>>>

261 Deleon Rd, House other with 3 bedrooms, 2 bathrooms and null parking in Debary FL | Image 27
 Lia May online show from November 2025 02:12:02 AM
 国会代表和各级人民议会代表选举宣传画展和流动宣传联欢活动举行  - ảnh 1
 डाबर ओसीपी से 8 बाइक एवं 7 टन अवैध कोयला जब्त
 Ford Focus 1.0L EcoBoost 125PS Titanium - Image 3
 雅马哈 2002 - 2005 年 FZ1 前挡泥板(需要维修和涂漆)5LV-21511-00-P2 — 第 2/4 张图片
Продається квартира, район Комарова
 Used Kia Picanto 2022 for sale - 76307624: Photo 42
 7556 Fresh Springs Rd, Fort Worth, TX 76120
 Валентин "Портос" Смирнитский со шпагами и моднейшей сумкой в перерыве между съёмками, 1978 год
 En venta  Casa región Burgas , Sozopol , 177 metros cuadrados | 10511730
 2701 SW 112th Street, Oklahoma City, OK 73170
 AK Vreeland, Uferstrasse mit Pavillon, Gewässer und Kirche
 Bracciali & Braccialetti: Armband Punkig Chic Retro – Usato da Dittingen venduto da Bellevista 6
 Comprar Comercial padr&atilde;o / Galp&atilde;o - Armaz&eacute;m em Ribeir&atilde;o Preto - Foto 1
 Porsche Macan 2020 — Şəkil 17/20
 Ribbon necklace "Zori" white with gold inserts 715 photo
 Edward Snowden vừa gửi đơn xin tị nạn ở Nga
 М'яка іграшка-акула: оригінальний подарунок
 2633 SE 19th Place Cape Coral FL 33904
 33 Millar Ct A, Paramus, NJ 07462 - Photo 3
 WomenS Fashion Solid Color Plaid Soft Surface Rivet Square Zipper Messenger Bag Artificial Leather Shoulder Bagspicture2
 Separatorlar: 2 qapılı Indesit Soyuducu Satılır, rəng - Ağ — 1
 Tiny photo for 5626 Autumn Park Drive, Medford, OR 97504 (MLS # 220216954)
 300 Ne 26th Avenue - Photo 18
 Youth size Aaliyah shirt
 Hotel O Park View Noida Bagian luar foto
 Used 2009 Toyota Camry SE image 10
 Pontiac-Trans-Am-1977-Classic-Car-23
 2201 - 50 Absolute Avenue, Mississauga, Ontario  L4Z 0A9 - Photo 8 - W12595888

<<<

[Activity] The line with "Pontiac-Trans-Am-1977-Classic-Car-23" through the last line of the entries above: output exactly those lines and nothing else.

[Your response]
 Pontiac-Trans-Am-1977-Classic-Car-23
 2201 - 50 Absolute Avenue, Mississauga, Ontario  L4Z 0A9 - Photo 8 - W12595888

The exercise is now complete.